- **Exercise aim**
Word for word, print out all of the data, omitting every image.

(Data extract begins)

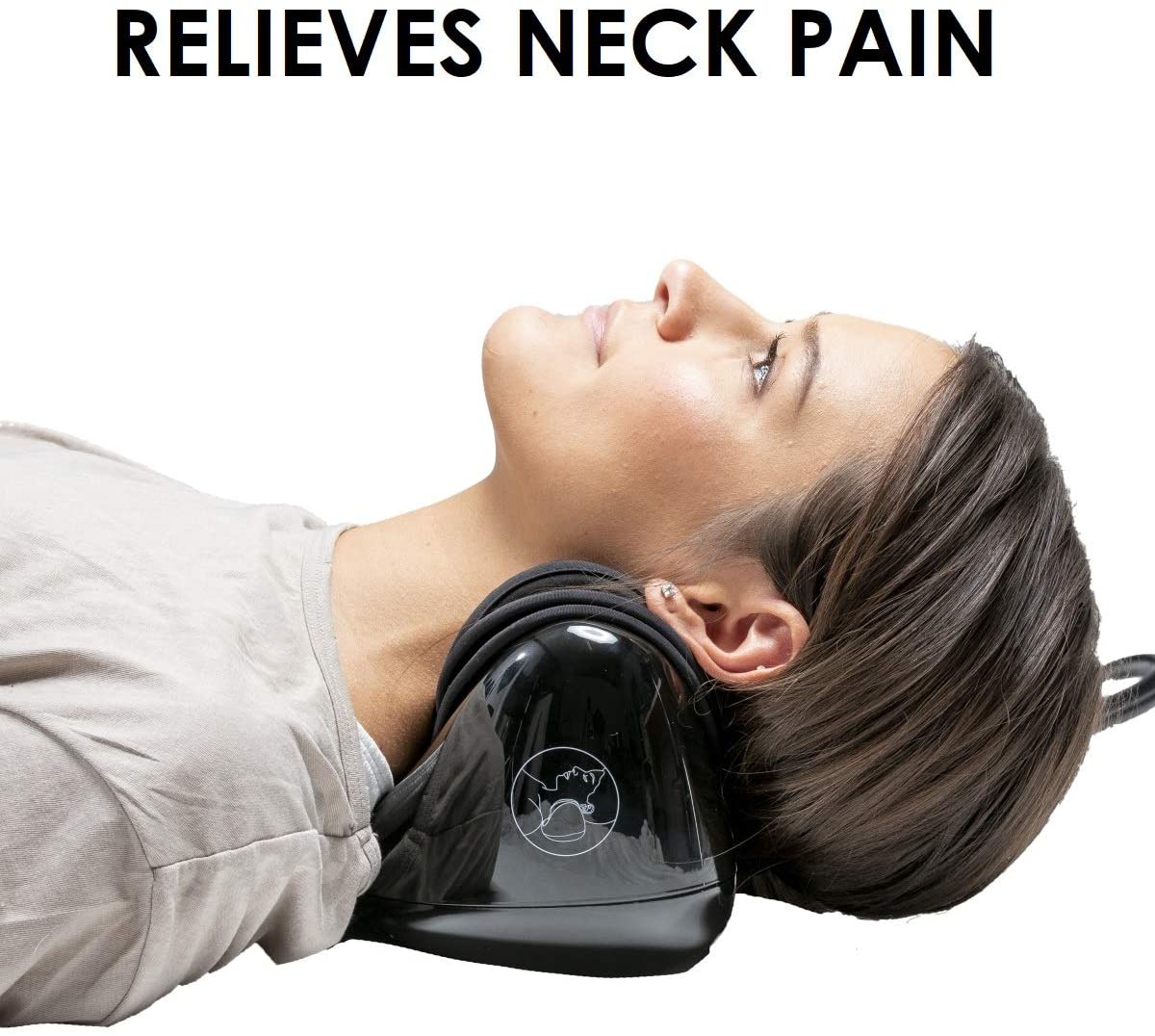 AIRE Neck Massager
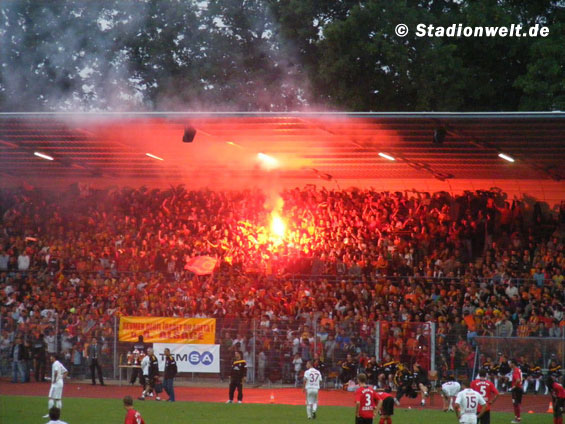 Bayer 04 Leverkusen vs Galatasaray Istanbul (1-0) (20)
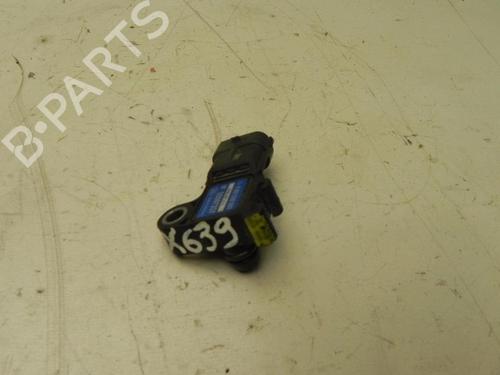 Used Electronic sensor OPEL ZAFIRA TOURER C (P12) 1.4 (75) (140 hp) 28923916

(Data extract ends)

- **Response box**
 AIRE Neck Massager
 Bayer 04 Leverkusen vs Galatasaray Istanbul (1-0) (20)
 Used Electronic sensor OPEL ZAFIRA TOURER C (P12) 1.4 (75) (140 hp) 28923916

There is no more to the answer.